77. Solyaris ("Solaris"), 1972, Andrei Tarkovsky

A science-fiction film that won the Grand Jury Prize at the 1972 Cannes Film Festival. This visually-striking film serves as a fable about love, humanity, man's fears, fantasies and the objectification of memories from the past. A widowed psychologist and cosmonaut Kris Kelvin (Donatas Banionis) embarks on a space mission to a space station orbiting a water-dominated planet called Solaris to investigate the mysterious death of a doctor, Gibarian (Sos Sarkissian). When he becomes re-acquainted with his suicidal ex-wife (dead for seven years), Khari (Natalya Bondarchuk) during his mission to this strange planet, he is forced to reexamine the nature of the alternate reality of alien intelligence.

78. Stalker, 1979, Andrei Tarkovsky

Another allegorical science-fiction film from Tarkovsky about the human soul and spiritual longing, adapted from the novel Picnic by the Roadside by brothers Boris Strugatsky and Arkady Strugatsky.
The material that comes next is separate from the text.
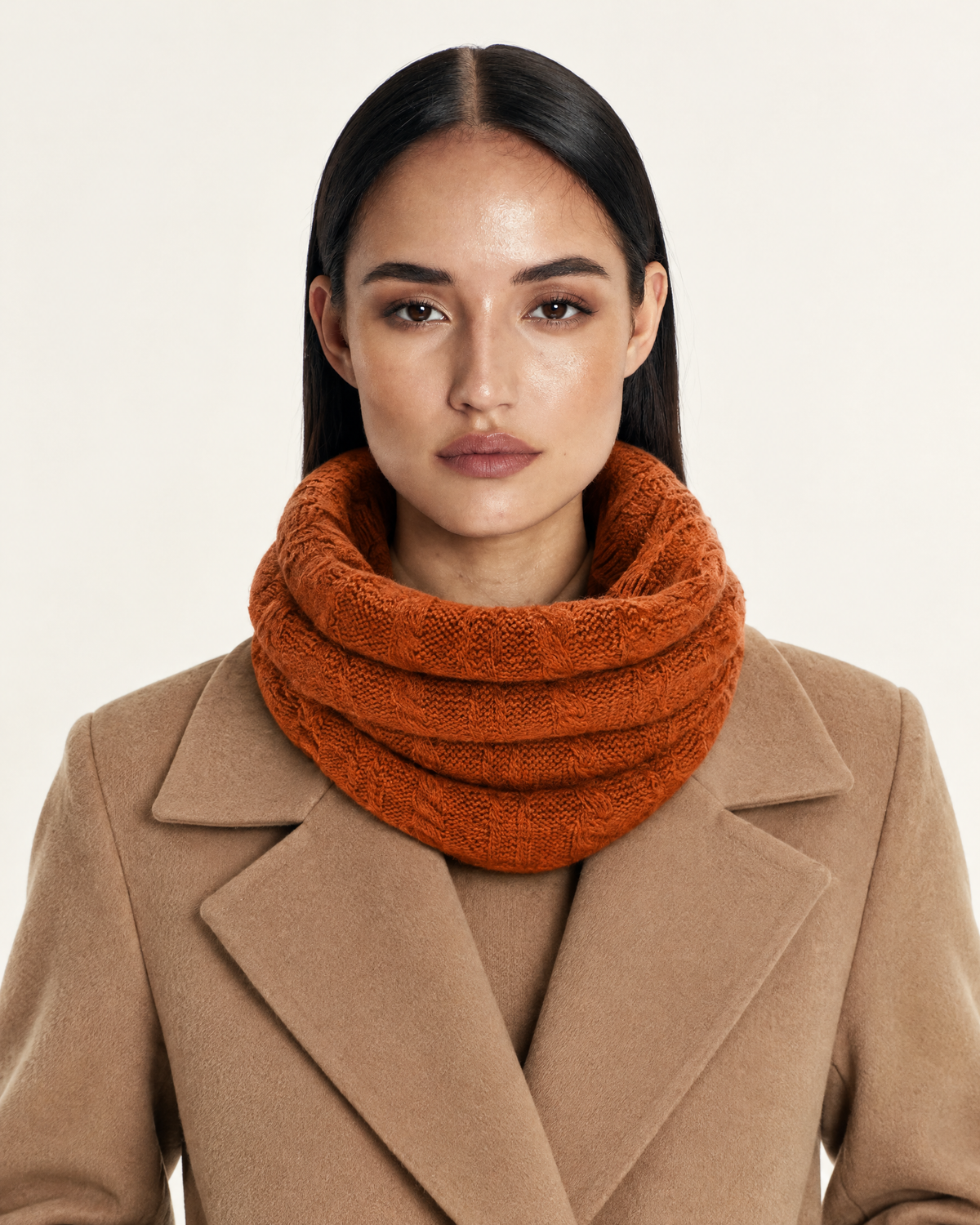 Cable Knit Pure Cashmere Neck Scarf with Thick Collar worn by model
Three men, the Writer (Nikolai Grinko) - a burned-out and cynical author, the Scientist (Anatoliy Solonitsyn) - a quiet individual, and the Stalker (Alexander Kaidanovsky) - an experienced hired guide, journey treacherously through the Zone (a mysterious, war-ravaged, post-apocalyptic forbidden wilderness area), toward the metaphorical Holy Center or inner chamber called the Room, to have their deepest wishes fulfilled.

79. Star Wars, The Empire Strikes Back, Return of the Jedi, 1977, 1980, 1983, George Lucas, Irvin Kershner, Richard Marquand

The famed trilogy beginning with the opening words of the first installment, “A long time ago, in a galaxy far, far away…”.
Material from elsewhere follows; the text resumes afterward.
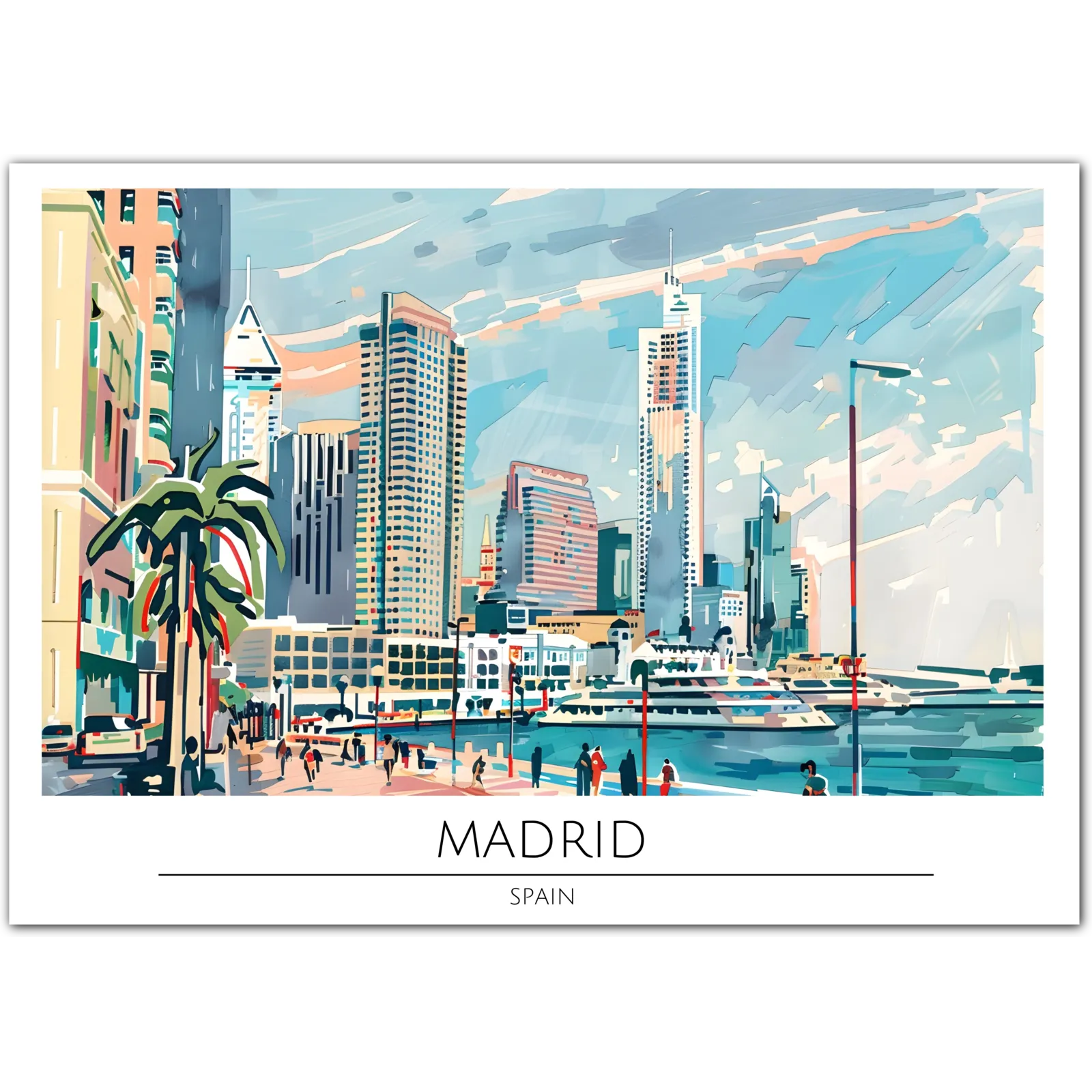 Modern Madrid Skyline - Spain Urban Art Print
80. Stevie, 2002, Steve James

A self-indulgent, downbeat documentary about director Steve James' 1995 painful return to rural Southern Illinois to reconnect with Stevie Fielding, a deeply-troubled, abandoned, and sexually-abused 11 year-old boy from a dysfunctional family in Pomona, Ill. James had been his 'Advocate Big Brother' ten years earlier when a student at SIU. Now years later, the grown and self-destructive Stevie has gone further downhill, is tattooed and bearded, with a lengthy criminal record.

81. The Straight Story, 1999, David Lynch

David Lynch's old-fashioned, heartwarming chronicling of a long journey in 1994 - by riding tractor/mower -- of 73-year-old Alvin Straight (Richard Farnsworth) from Laurens, Iowa, to Mt. Zion, Wis., to mend his relationship with his ill, estranged, 75-year-old brother Lyle (Harry Dean Stanton).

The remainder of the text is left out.